Getting to Know the 10980XE

This CPU is preceded by the i9-9980XE. A CPU with which it shares an 18-core, 36-thread spec. It’s also still compatible with the X299 chipset, so most current i9-9980XE users only have to consider the cost of the CPU itself when upgrading. Although you’ll have to confirm things with your specific motherboard model.

This is still 14nm CPU, with 10nm process chips years overdue at this point. What’s worse, AMD is using a 7nm process, at least in part, on its latest CPUs. The good news is that Intel has been forced to slash prices on these high-end processors to compete. The i9-10980XE retails at almost half of the 9980XE’s launch price.
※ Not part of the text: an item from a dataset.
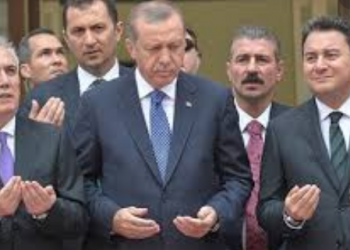 باباجان يتهم أردوغان بسرقة خطاباته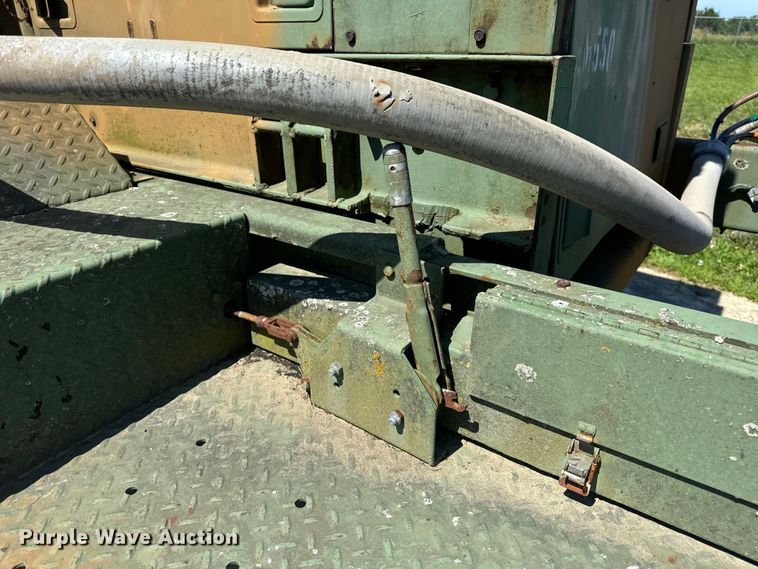 image for item DL4422 1978 Fermont Division  MEP 006A generator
This Cascade Lake-X CPU offers more PCIe lanes and less power consumption than before. However, it’s not really much faster than the chip it replaces and even fared worse in some of the early benches we’ve seen than the 9980XE for some reason. These chips do seem to be binned better, leading to good overclocking results.

The AI Edge

One area where this CPU does have a clear victory is when it comes to machine learning, with the added Intel Deep Learning Boost acceleration. The benchmarks we’ve seen show that this chip is faster than anything else in this price range, for now.

The Threadripper Alternative

If you already own the previous i9 flagship, there’s no real reason to upgrade to this, unless the extra performance or AI-specific features are worth so much to you that the expense is justified.

By itself, the 1980XE is a brute of a chip, offering extreme amounts of performance, but we can’t just look at it in isolation. The elephant in the room is of course the AMD 3970X Threadripper, which launched more or less at the same time as this CPU. AMD have been knocking it out of the park recently, with the per-core performance gap Intel has been coasting on for years all but eliminated. The 3970X costs twice as much as the 10980XE. The price that chip would have launched at no doubt, if it wasn’t for AMD. Do you get twice as much performance for spending double? Surprisingly, assuming you have a workload that can use all 64 threads, the answer can be yes. However, you need a new sTRX4 motherboard as well, whereas the Intel chip drops into existing X299 motherboards, which are also cheaper.

So the choice is really based on your workload, but it is staggering that the positions of the two chip makers could reverse so quickly, with AMD now the expensive performance king.